Applicant’s submissions
- [15]The effect of the applicant’s submissions in this Court is that, when all factors in mitigation were considered, including the delay before the applicant was eventually sentenced during which the applicant showed positive signs of rehabilitation and was not charged with any further offences, the requirement that the applicant serve 21 months in custody before being eligible for parole meant that the sentence was neither just nor appropriate.
- [16]As to the second ground of appeal, the applicant’s counsel conceded that the only reference to the incorrect maximum penalty was in the statement of facts but it had significance as it was mandatory for a court in sentencing an offender to have regard to the maximum penalty prescribed for the offence (pursuant to s 9(2)(b) of the Penalties and Sentences Act 1992).
Was the misstatement as to the maximum penalty material?
- [17]The maximum penalty was not a matter on which there was any express discussion during the sentencing hearing and all comparable authorities that were relied on by the prosecutor before the sentencing judge related to trafficking when the maximum penalty was 25 years’ imprisonment. Those authorities were R v Connolly [2016] QCA 132, R v McLean [2021] QCA 70 and R v Staines [2022] QCA 187. The prosecutor before the sentencing judge submitted those authorities supported a range of four to five years’ imprisonment for the drug offending with a further cumulative period of six months’ imprisonment for count 8. In respect of count 8, the prosecutor relied on Ross v Commissioner of Police (2019) 278 A Crim R 159. The applicant’s counsel before the sentencing judge did not demur from any of the authorities relied on by the prosecutor and accepted that a head sentence of four to five years’ imprisonment was appropriate for the applicant’s offending conduct. The focus of the submissions on behalf of the applicant before the sentencing judge was on the structure of the sentences to avoid the effect of s 156A of the Penalties and Sentences Act 1992.

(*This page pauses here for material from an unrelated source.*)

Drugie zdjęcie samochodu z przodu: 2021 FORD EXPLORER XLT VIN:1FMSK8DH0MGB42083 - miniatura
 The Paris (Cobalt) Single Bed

- [18]In R v Kelly [2018] QCA 307 the sentencing judge was informed by the prosecutor that the maximum penalty for all counts was 14 years’ imprisonment when the maximum penalty for counts 1 and 2 was 12 years and it was only for count 3 that it was 14 years. In that case, it was held (at [10]) that a misapprehension of the maximum penalty for an offence was a material error which vitiated the sentencing decision and required consideration to be given on appeal to the re-exercise of the sentencing discretion.

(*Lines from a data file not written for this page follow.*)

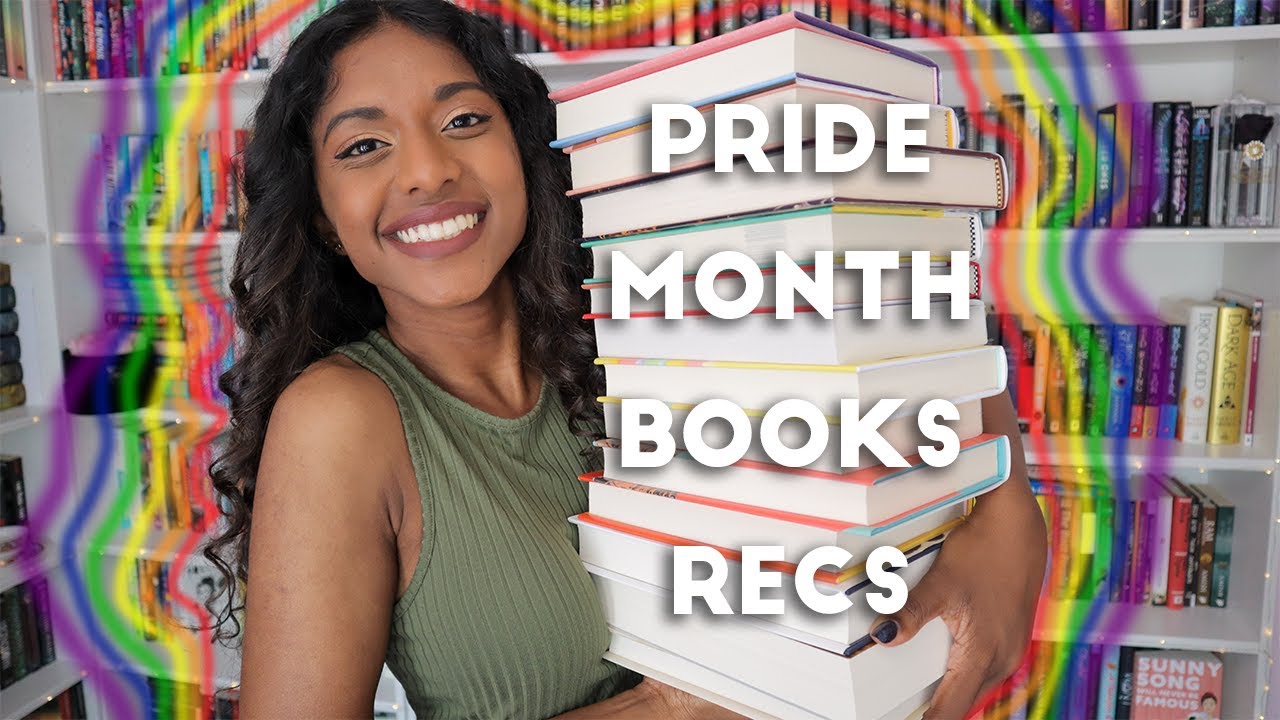 PRIDE MONTH BOOK RECS WITH QUEER POC LEADS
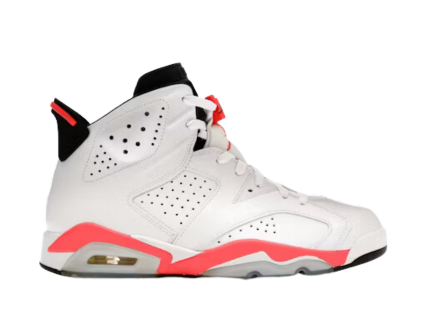 Jordan 6 Retro Infrared White (2014)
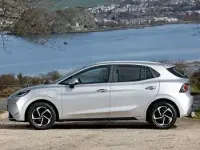 New MG MG4 EV Comfort 109 kW (149 HP) 2026 Metallic  cosmic silver Hatchback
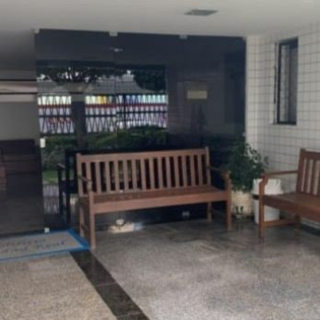 Vendo Apartamento no Edf. Ciudad Real | 3 Quartos | 1 sendo Suíte | 2 WC | 114m² | Área de Lazer completa | Boa Viagem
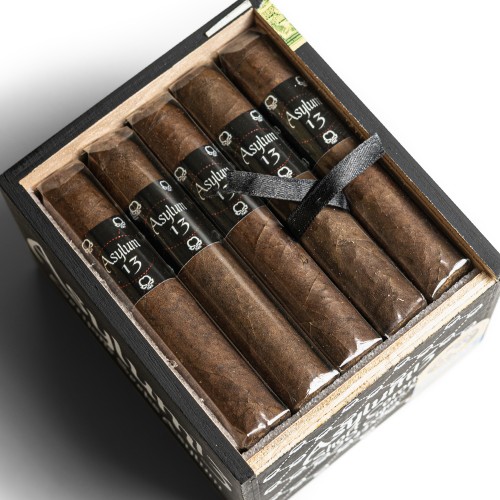 CLE Asylum 13 Short Corona Cigar - Box of 20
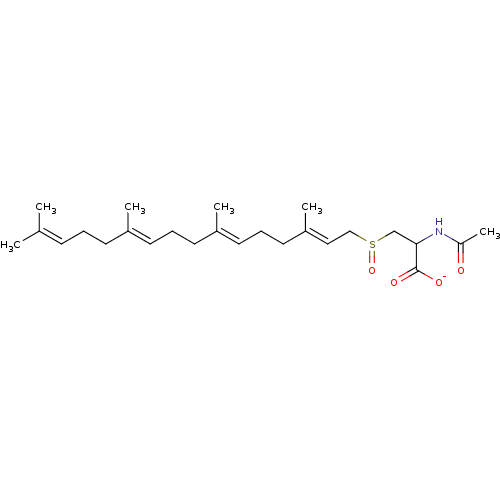 Chemical structure of BindingDB Monomer ID 50174226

- [19]As there was no dispute between the parties before the sentencing judge based on applying the comparable authorities for trafficking when the maximum penalty was 25 years’ imprisonment (which was the maximum that applied to the applicant’s trafficking offence), the misstatement in the prosecutor’s written submissions as to the maximum penalty was not material in the circumstances of the sentencing of the applicant. The applicant does not succeed on this ground of appeal.
Was the sentence manifestly excessive?
- [20]The applicant argues that the sentence was manifestly excessive due to the custodial component of almost 21 months before being eligible for parole.
- [21]It was apparent from the applicant’s criminal history and the Community Corrections’ report that the applicant had a problem with illicit substance abuse when he committed the trafficking offence. He was a mature offender who trafficked in methylamphetamine for almost five months. The sentence imposed for count 1 was at the lower end of the sentencing range supported by the authorities put before the sentencing judge. As the sentence imposed for count 1 reflected the criminality of the applicant for all the offending for which he was being sentenced, he was effectively given a sentence a little less than four years’ imprisonment for the trafficking alone. It was beneficial for him that the sentence imposed for count 8 was imposed concurrently rather than cumulatively. See Ross at [43] and [60]-[63]. Because of the nature of the offence of contravening order about device information from digital device that was the subject of the observation in Ross at [43], the Court in R v Wilson [2023] QCA 132 at [34] noted there were good reasons in the circumstances of the offending in that case for the sentence imposed on that offence to be cumulative on the other sentences.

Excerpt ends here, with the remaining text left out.